I have sworn never again to fish for trout in March, the first month of the trout season in Wales and most parts of England. My opening season forays in the past 2 years – both in March – have been cold and unrewarded with even a sighting of a fish. It is almost, but not quite spring in March. There is little sign of fly life, the days are still short, the air and water cold, and the trees still bare. Still gripped by the icy vestiges of winter the trout tend to be correspondingly sullen. The travel and effort does not correspond with the lack of reward to my mind. So this year I planned my first trout fishing trip for the first weekend of April, perfectly timed to take up an invitation from Simon Evans to fish the Usk. Simon is blessed by living in trout country, on the banks of the Gavenny and within a stone’s throw of its confluence with the River Usk.
Of course, 2013 had seen snow in March and lingering cold conditions. By the first weekend of April it was difficult to see any evidence of spring. In our email correspondence Simon had mentioned cold water temperatures of 3 degrees due to snow melt and hard frosts but I paid little heed and focused on positive - Simon’s expectations of a steady olive hatch from 1pm to 4pm.

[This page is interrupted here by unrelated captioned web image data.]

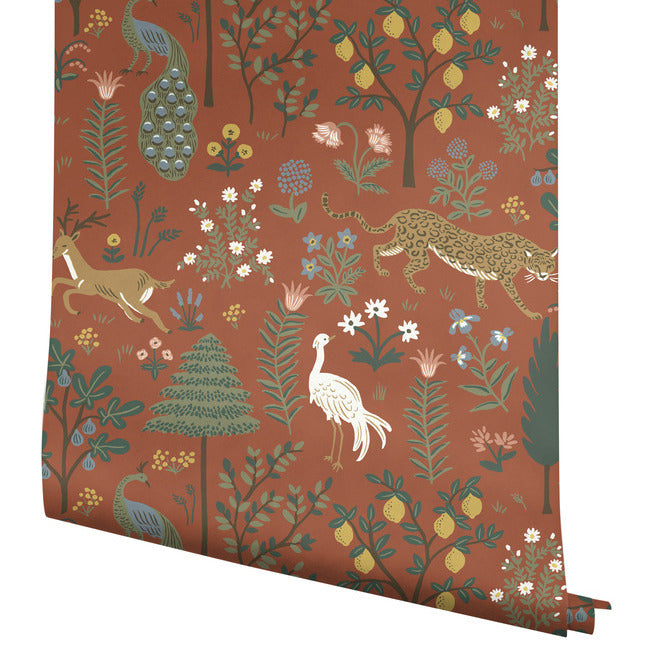 Rifle Paper Co Menagerie Wallpaper - Rust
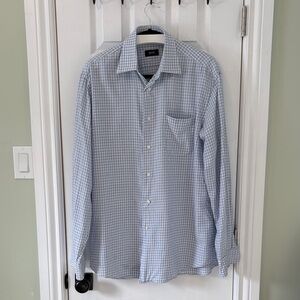Men’s Hugo Boss Light Blue Gingham Button Down Shirt - Size XL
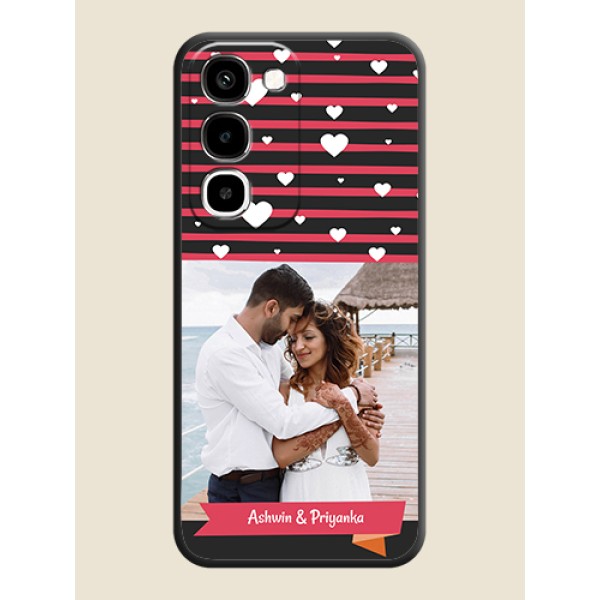 White Color Love Symbols with Pink Lines Pattern On Space Black Custom Soft Matte Mobile Back Cover - Realme P4R 5G White Color Love Symbols with Pink Lines Pattern On Space Black Custom Soft Matte Mobile Back Cover - Realme P4R 5G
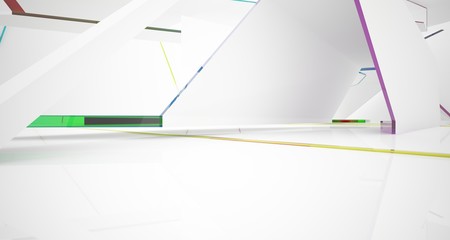 Abstract white and colored gradient glasses interior multilevel public space with window. 3D illustration and rendering.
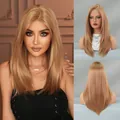 Straight layered strawberry blonde wig with lace base showing front and back views - Strawberry Blonde Layered Style (SZ5115-1)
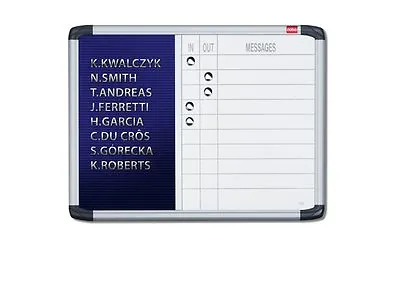 £60 • Buy 1901962 Nobo Welcome In-Out Board Drywipe Message Magnetic Al Frame 10-Name Blue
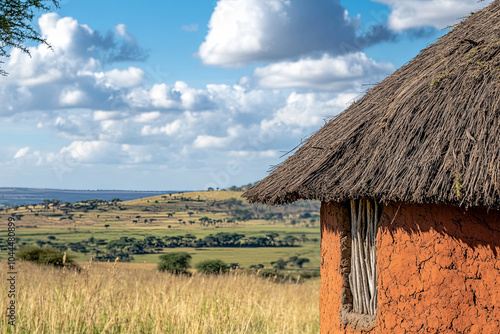 A traditional Maasai hut in Kenya, made from mud, sticks, and thatch, with a rural landscape in the background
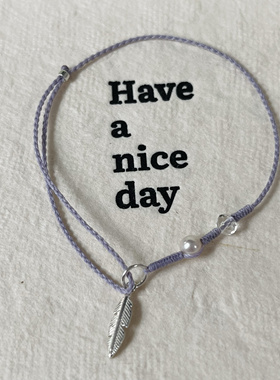 S925银羽毛吊坠手编绳可调节多色闺蜜礼物红绳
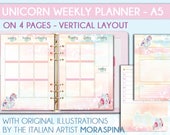 Filofax a5 Unicorn printable weekly planner vertical layout Kikki k large carpe diem planner inserts to do list weekly schedule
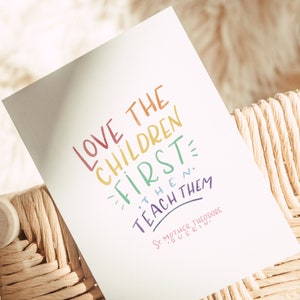 Love the Children Handlettered St. Theodore Guerin Printable 8x10 and Greeting Cards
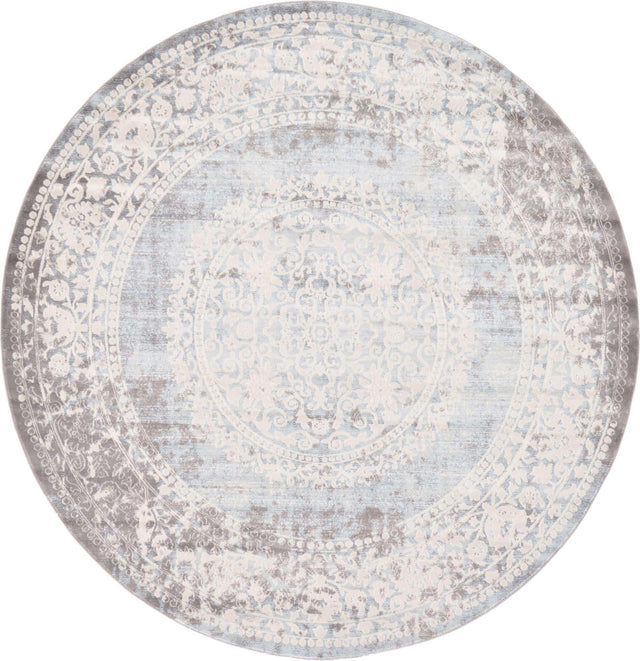 Light Blue 8' x 8' New Classical Round Area Rug 70% Polypropylene & 30% Polyester Traditional Vintage Distressed Carpet for Interior Design Home Decor for Sale at Rug Engine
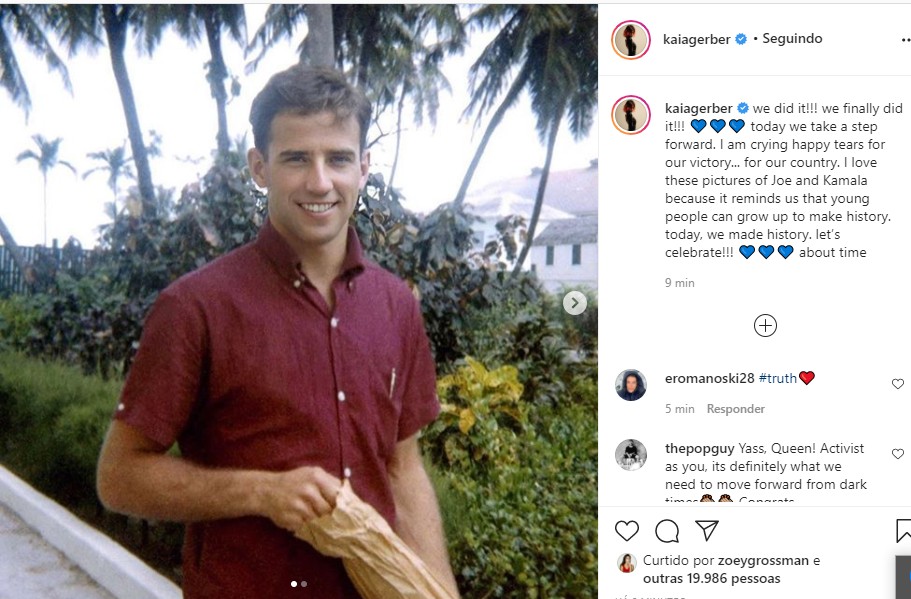 Kaya Gerber comemora vitória de Joe Biden e Kamala Harris (Foto: Reprodução Twitter e Reprodução Instagram)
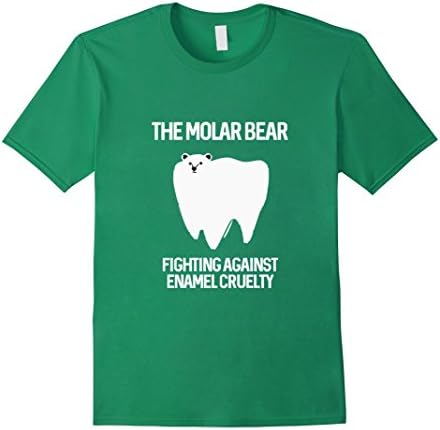 Men's The Molar Bear Fighting Against Enamel Cruelty Funny Dentist Medium Kelly Green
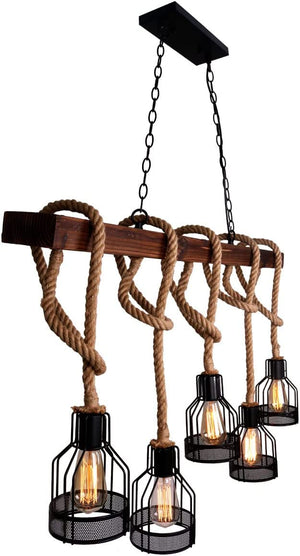 Rust farmhouse pendant light fixture for kitchen vintage 5 light black wood pendant lamp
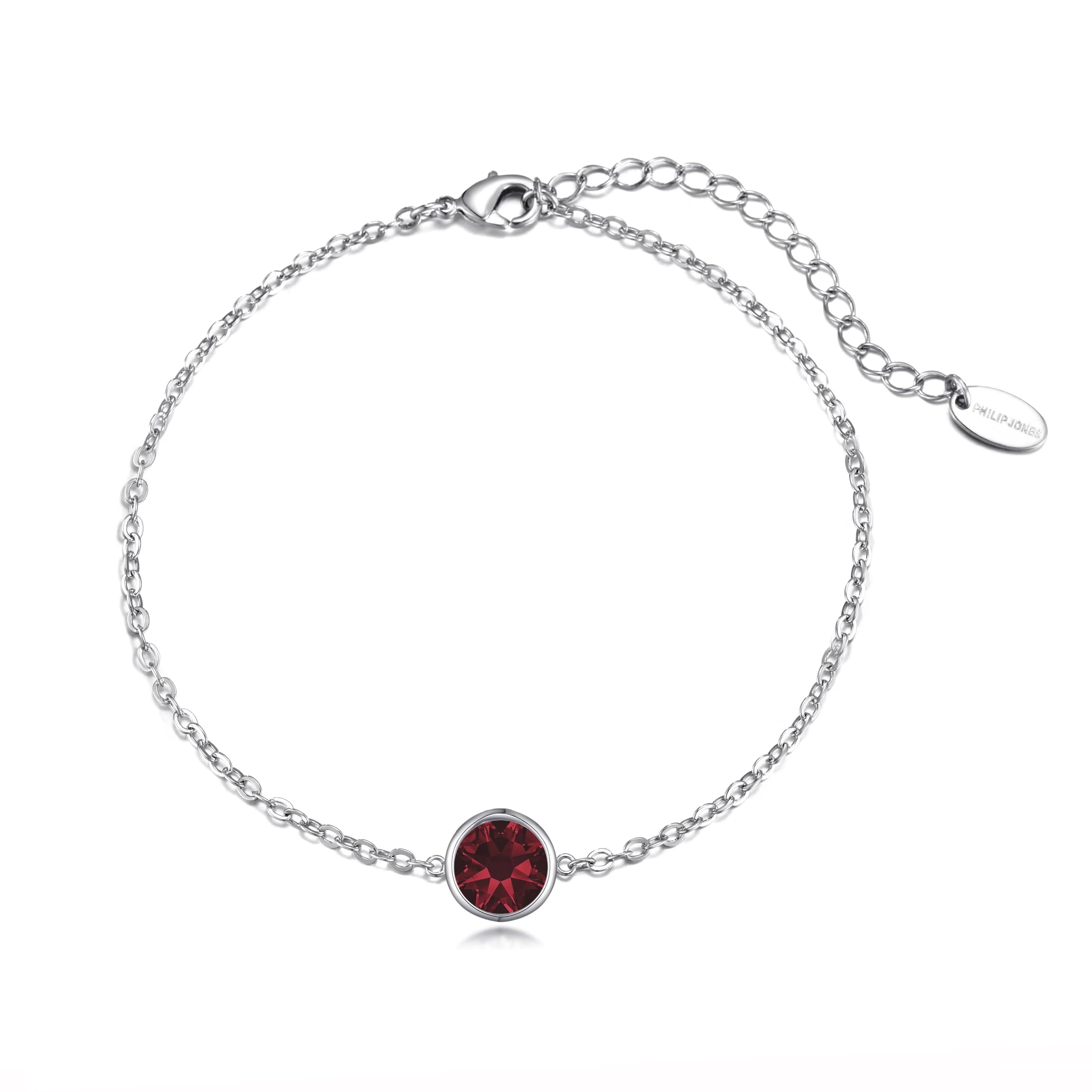 Philip Jones Dark Red Crystal Anklet Created with Zircondia® Crystals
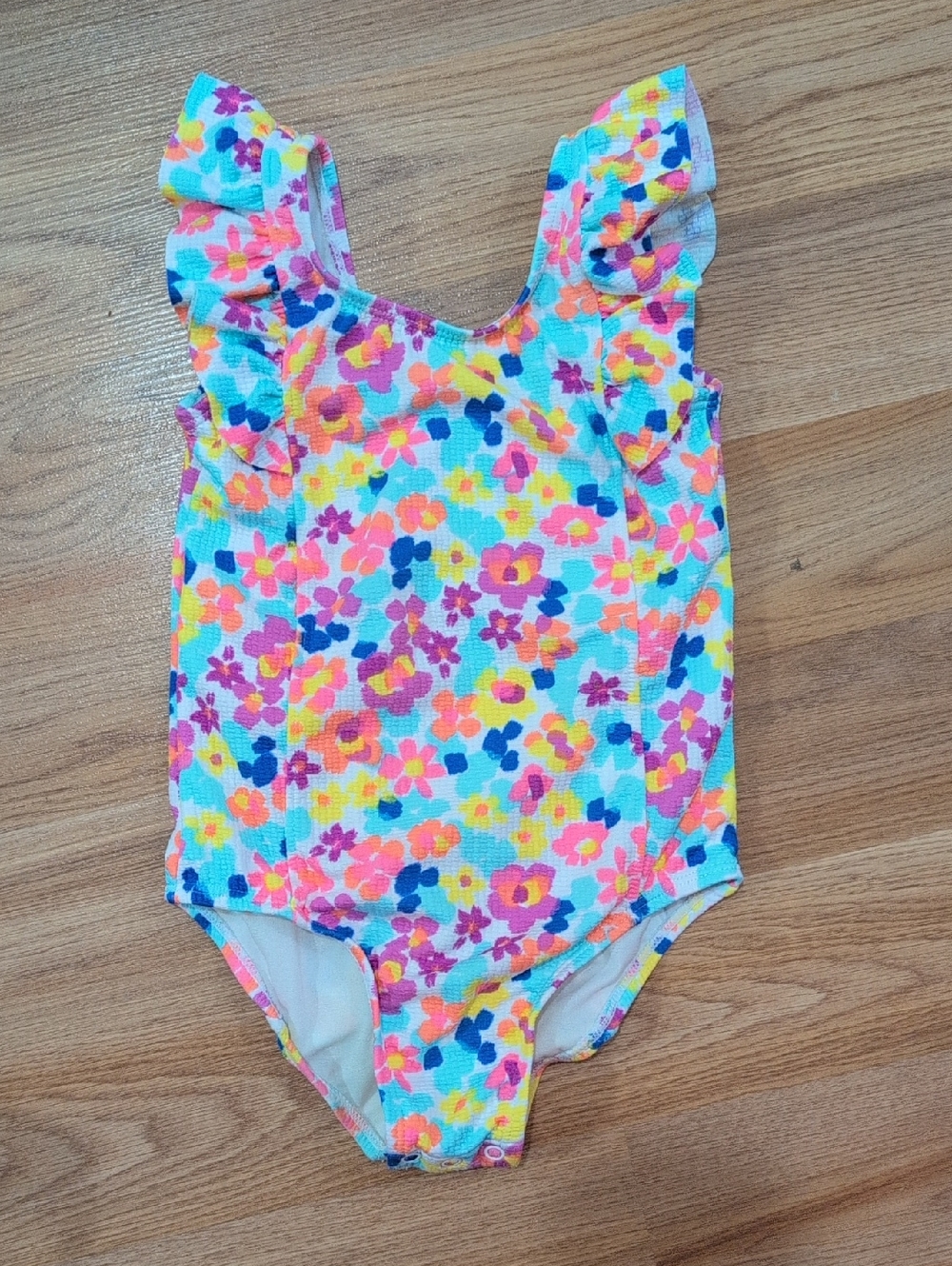 jumping beans Kids One-Piece Swimsuit in Aqua with Multicolor Floral Print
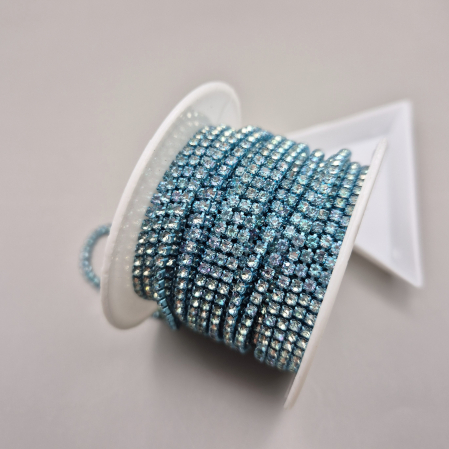 Albastru - Lant strasuri aquamarine volcano 2mm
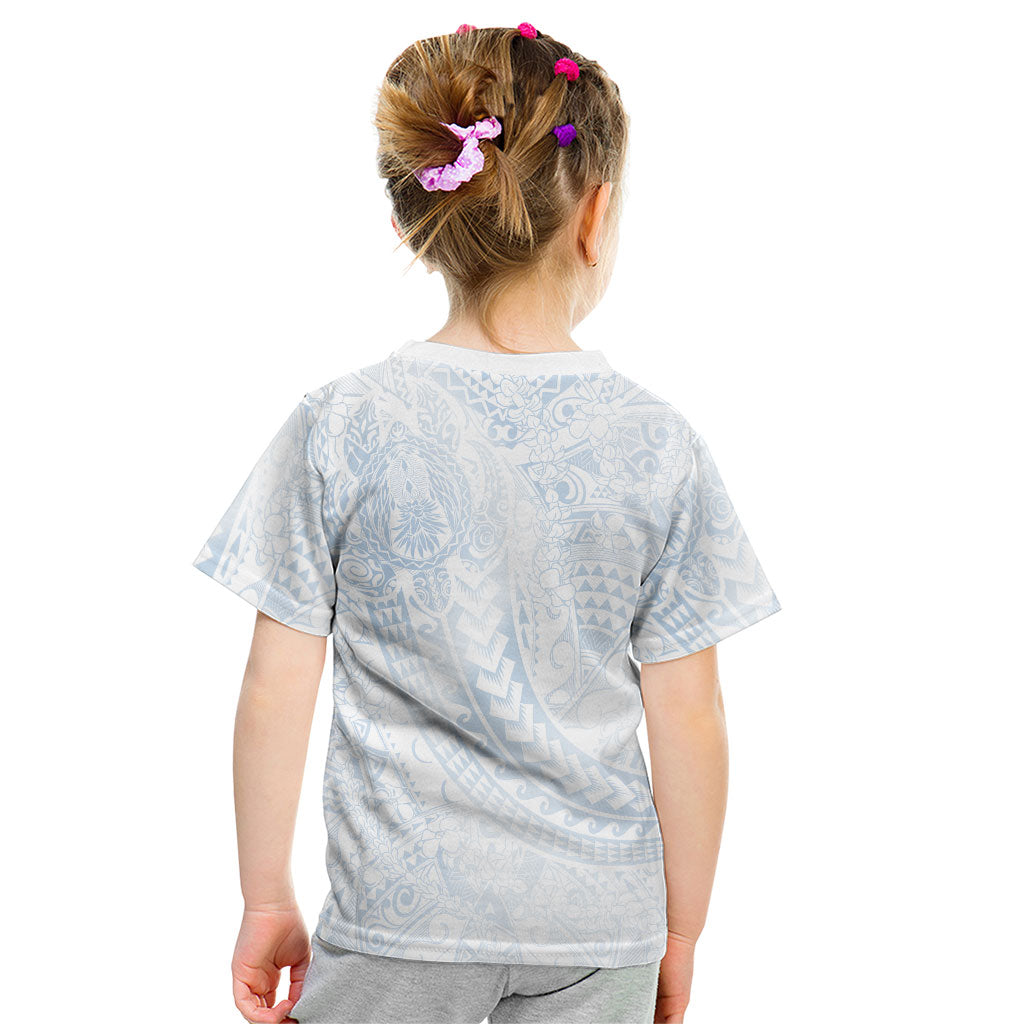 Hawaiian Turtles and Leis Kid T Shirt Tribal Kakau Pattern Airy White Blue Cloud Vibe LT03 - Polynesian Pride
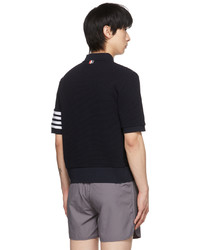 Thom Browne Navy Compact Waffle Polo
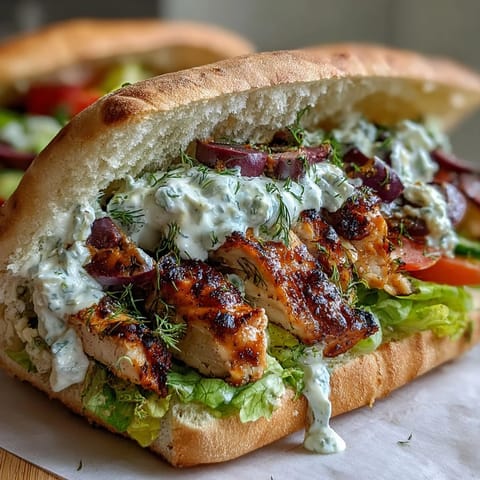 Sizzling Mediterranean Chicken Gyros with Creamy Feta Tzatziki, served open-faced with crunchy lettuce, ripe tomatoes, and Kalamata olives.  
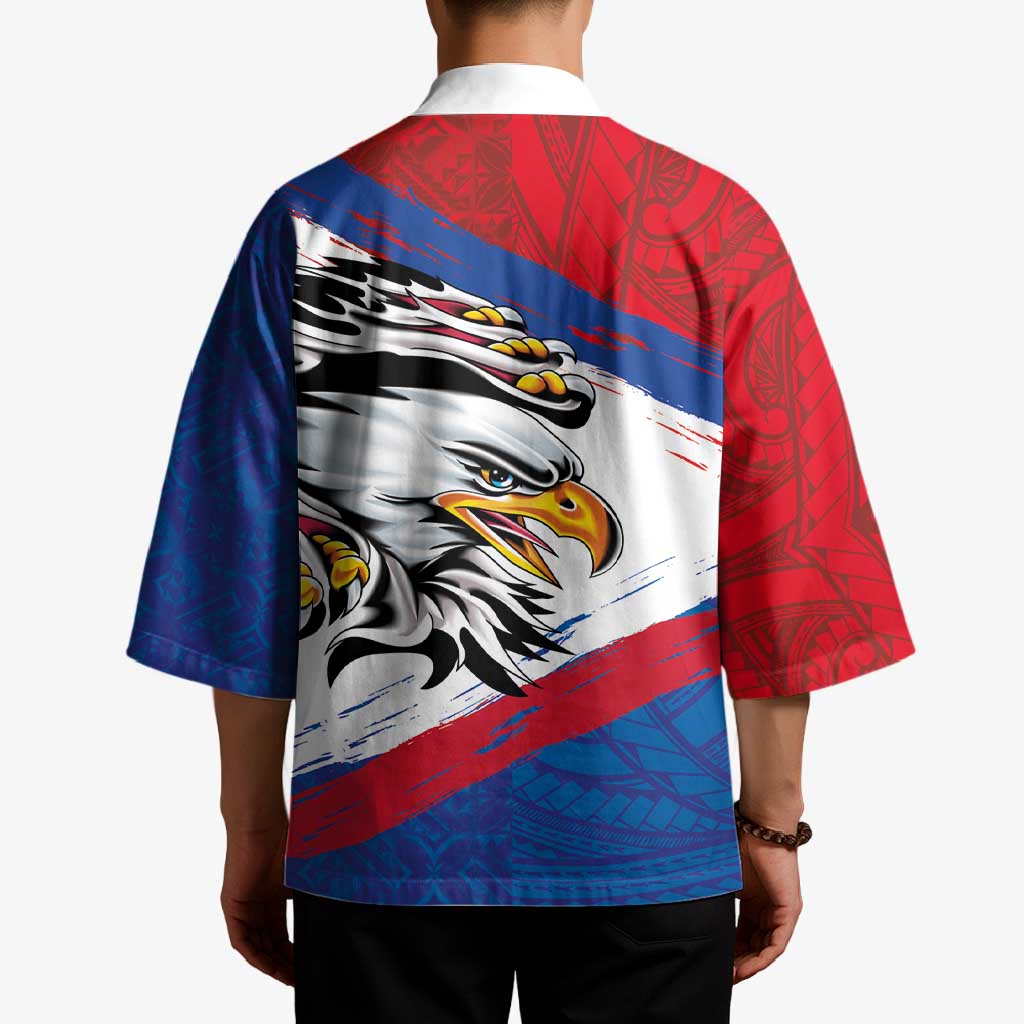 American Samoa Flag Day Kimono Polynesian Art Geometric with Flag Brush Style LT03 - Polynesian Pride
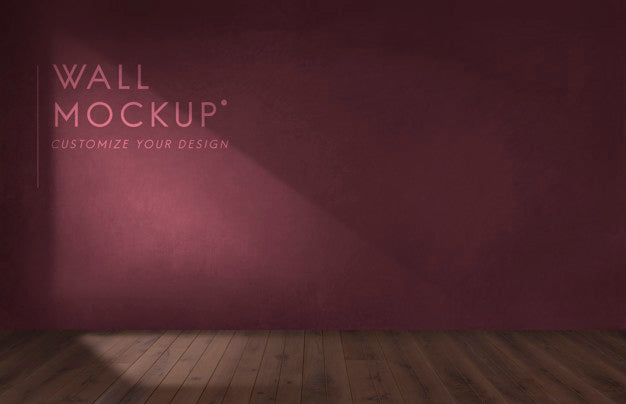 Free Empty Room With A Burgundy Wall Mockup Psd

Fortified by a hot cup of tea on arrival at Simon’s house, I met his friends Alex and Mark and we proceeded down to a private section of the Usk, which I recognised as the Crickhowell section from having fished it in May 2011. A large hatch of olives started to occur and we waited with baited breath for the first sign of a rise. Remarkably, none were seen and for several hours the trout completely ignored the sheer number of olives, the largest hatch I have witnessed. I was pleased to spot a couple of March Browns for the first time and encouraged when Simon told me they are making a comeback on the Usk after having been considered for many years to be locally extinct. Simon’s family arrived for a picnic lunch on the banks of the river and I sipped a beer watching the olives drift by, unhindered by the fish. Eventually we located a small number of fish rising to olives in a section of the river upstream. Alex, an accomplished sea trout fisherman but with little experience of fishing for trout, had first dibs in the hotspot while I entered the water a little way downstream where a fish had risen on the far bank. I couldn’t entice the fish to rise again and, as quick as it had started, the rise had come to an end! Alex had managed to land a good trout, the only fish between the four of us all day.
It was a hard and frustrating day’s fishing, saved somewhat by the good company. The hills looking down on Abergavenny were covered in snow. At the conclusion of the day Simon mentioned that an old gentleman angler he knows swears never to fish when there is still snow on the hills. Through experience we learn. My season opening philosophy has been amended: no fishing in March and only when all the snow has melted from the hills!